As we sat on a teal bench in Shutlz Garten, I took a look at this thing that I had created. It was veggie dog with 3 squirts of sauce: Stubb’s BBQ sauce, mustard, and ketchup. I was insanely hungry and had 40 minutes to kill. For some reason unknown to anyone in my immediate area, the Veggie Dog Eating Contest didn’t start on time. So I ate. It wasn’t too bad. It didn’t really taste like anything except saucy bread.
Two Guys wearing Karate Kid head scarves posed for the cameras. The guy under the green pennant in the picture, whom I recognize from somewhere,stood to their left stretching his arms. Friendly locals gave each contestant 10 plain hot dogs. “You don’t have room for condiments!” a mildly intoxicated man yelled. The Score from the Rocky Balboa movies pumped up the crowd.

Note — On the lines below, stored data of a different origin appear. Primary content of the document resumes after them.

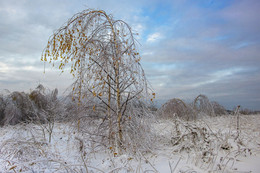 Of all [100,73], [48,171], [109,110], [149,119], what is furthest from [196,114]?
[48,171]

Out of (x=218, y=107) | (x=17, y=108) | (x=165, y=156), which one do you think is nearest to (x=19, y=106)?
(x=17, y=108)

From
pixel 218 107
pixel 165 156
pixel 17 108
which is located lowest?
pixel 165 156

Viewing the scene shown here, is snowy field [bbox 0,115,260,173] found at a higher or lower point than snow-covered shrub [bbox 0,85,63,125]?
lower

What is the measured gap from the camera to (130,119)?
4785mm

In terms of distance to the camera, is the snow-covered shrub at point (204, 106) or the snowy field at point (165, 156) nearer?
the snowy field at point (165, 156)

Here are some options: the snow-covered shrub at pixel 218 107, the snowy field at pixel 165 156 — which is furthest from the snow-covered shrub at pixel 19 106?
the snow-covered shrub at pixel 218 107

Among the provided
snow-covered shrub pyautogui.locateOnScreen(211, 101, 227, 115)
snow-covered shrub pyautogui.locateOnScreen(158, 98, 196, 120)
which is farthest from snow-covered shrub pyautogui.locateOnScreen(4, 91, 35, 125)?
snow-covered shrub pyautogui.locateOnScreen(211, 101, 227, 115)

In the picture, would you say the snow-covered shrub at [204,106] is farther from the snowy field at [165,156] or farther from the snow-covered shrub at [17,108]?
the snow-covered shrub at [17,108]

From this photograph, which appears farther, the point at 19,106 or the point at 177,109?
the point at 19,106

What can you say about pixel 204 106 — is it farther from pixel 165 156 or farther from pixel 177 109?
pixel 165 156

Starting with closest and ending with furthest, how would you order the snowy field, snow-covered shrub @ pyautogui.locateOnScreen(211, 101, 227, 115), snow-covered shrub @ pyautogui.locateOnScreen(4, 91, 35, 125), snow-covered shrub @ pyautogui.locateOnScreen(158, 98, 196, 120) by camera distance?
the snowy field → snow-covered shrub @ pyautogui.locateOnScreen(158, 98, 196, 120) → snow-covered shrub @ pyautogui.locateOnScreen(211, 101, 227, 115) → snow-covered shrub @ pyautogui.locateOnScreen(4, 91, 35, 125)

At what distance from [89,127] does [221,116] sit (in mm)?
10579

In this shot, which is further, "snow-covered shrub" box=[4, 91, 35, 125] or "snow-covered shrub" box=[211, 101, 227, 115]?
"snow-covered shrub" box=[4, 91, 35, 125]

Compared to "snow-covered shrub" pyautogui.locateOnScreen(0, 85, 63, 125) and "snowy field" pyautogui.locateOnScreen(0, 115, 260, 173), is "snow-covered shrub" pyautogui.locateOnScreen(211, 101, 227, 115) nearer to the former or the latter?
"snowy field" pyautogui.locateOnScreen(0, 115, 260, 173) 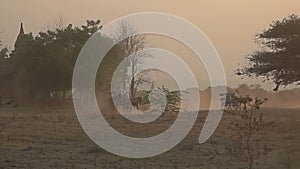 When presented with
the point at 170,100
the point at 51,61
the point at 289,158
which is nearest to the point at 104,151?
the point at 289,158

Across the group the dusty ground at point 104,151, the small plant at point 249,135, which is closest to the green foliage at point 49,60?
the dusty ground at point 104,151

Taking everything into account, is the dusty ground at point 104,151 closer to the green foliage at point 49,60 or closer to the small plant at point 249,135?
the small plant at point 249,135

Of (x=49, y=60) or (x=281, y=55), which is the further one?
(x=49, y=60)

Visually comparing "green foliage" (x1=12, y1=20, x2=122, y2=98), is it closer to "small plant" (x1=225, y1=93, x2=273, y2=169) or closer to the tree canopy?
the tree canopy

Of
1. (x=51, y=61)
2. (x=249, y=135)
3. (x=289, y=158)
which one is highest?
(x=51, y=61)

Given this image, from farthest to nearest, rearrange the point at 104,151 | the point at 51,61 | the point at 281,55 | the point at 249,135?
the point at 51,61
the point at 281,55
the point at 104,151
the point at 249,135

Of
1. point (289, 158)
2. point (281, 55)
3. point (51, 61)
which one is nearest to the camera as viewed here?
point (289, 158)

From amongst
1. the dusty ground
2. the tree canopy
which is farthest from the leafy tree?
the tree canopy

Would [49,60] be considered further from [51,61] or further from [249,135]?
[249,135]

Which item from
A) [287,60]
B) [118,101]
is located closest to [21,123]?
[287,60]

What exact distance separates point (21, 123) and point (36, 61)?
74.6 feet

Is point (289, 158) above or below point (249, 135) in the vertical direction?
below

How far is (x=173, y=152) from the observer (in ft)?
50.5

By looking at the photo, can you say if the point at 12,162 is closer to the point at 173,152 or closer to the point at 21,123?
the point at 173,152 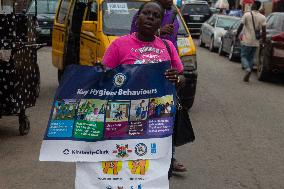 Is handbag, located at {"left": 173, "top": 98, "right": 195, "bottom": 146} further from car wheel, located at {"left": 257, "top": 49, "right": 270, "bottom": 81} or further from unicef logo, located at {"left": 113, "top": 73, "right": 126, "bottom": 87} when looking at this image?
car wheel, located at {"left": 257, "top": 49, "right": 270, "bottom": 81}

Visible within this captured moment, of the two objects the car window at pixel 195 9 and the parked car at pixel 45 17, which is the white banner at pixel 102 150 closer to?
the parked car at pixel 45 17

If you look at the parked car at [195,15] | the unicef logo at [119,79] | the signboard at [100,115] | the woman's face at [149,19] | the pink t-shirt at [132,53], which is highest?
the woman's face at [149,19]

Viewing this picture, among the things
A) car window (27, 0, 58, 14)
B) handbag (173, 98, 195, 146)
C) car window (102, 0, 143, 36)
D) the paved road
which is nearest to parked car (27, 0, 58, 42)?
car window (27, 0, 58, 14)

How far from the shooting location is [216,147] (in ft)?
25.2

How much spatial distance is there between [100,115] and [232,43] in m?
15.8

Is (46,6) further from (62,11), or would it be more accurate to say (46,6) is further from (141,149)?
(141,149)

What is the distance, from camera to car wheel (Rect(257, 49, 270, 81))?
571 inches

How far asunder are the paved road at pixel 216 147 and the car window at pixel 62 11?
135 cm

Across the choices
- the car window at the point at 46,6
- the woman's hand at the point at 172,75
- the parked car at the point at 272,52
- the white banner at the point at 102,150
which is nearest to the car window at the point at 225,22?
the car window at the point at 46,6

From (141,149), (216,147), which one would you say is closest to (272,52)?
(216,147)

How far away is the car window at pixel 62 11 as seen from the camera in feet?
40.1

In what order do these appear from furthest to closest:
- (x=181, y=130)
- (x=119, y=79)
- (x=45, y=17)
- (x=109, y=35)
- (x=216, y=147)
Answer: (x=45, y=17)
(x=109, y=35)
(x=216, y=147)
(x=181, y=130)
(x=119, y=79)

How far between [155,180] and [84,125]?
564 millimetres

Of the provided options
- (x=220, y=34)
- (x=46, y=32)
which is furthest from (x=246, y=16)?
(x=46, y=32) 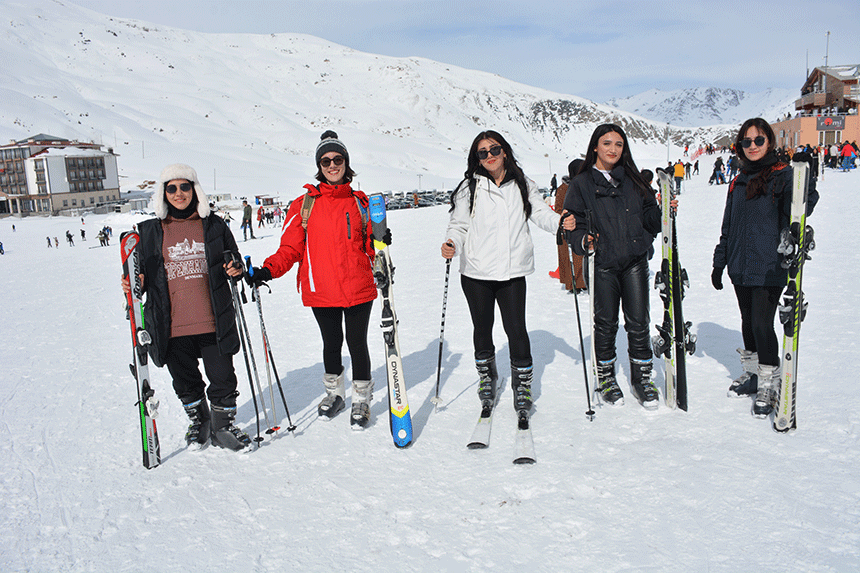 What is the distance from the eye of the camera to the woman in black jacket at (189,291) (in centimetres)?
351

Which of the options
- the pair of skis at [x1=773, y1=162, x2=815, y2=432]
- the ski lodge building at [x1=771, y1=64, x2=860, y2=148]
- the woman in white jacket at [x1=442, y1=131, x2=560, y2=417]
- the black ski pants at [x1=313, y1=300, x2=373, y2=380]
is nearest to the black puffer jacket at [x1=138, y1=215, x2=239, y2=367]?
the black ski pants at [x1=313, y1=300, x2=373, y2=380]

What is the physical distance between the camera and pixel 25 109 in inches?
3445

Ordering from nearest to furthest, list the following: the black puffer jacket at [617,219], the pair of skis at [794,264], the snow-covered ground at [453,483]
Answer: the snow-covered ground at [453,483]
the pair of skis at [794,264]
the black puffer jacket at [617,219]

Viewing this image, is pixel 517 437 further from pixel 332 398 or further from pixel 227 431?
pixel 227 431

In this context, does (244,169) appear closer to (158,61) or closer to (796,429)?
(158,61)

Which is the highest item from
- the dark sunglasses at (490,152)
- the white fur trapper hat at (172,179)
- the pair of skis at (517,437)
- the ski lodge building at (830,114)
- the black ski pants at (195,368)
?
the ski lodge building at (830,114)

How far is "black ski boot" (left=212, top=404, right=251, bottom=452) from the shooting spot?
3.74 metres

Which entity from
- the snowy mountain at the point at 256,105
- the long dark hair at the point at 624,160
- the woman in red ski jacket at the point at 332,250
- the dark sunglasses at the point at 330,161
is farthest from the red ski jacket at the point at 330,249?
the snowy mountain at the point at 256,105

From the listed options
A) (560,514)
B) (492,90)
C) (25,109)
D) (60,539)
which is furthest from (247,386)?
(492,90)

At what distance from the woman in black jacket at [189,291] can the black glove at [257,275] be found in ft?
0.34

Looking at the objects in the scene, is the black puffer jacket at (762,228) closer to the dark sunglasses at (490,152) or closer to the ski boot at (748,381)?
the ski boot at (748,381)

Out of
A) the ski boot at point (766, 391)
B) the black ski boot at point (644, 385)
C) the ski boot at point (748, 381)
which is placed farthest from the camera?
the ski boot at point (748, 381)

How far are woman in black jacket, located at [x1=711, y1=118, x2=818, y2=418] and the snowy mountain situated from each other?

Last year’s second-place winner Sean carried his trophy with him for good luck. It was a little hot dog with arms holding its full belly, face contorted in painful joy. He was really excited to be interviewed. He had a whole cheering squad with him. They wore papers with hot dogs drawn on them that said “Sean” on the wiener. We didn’t stay long enough to see how he did. It started raining and the beast demanded another story.
Going out with photogs is all right when it’s not so hot outside.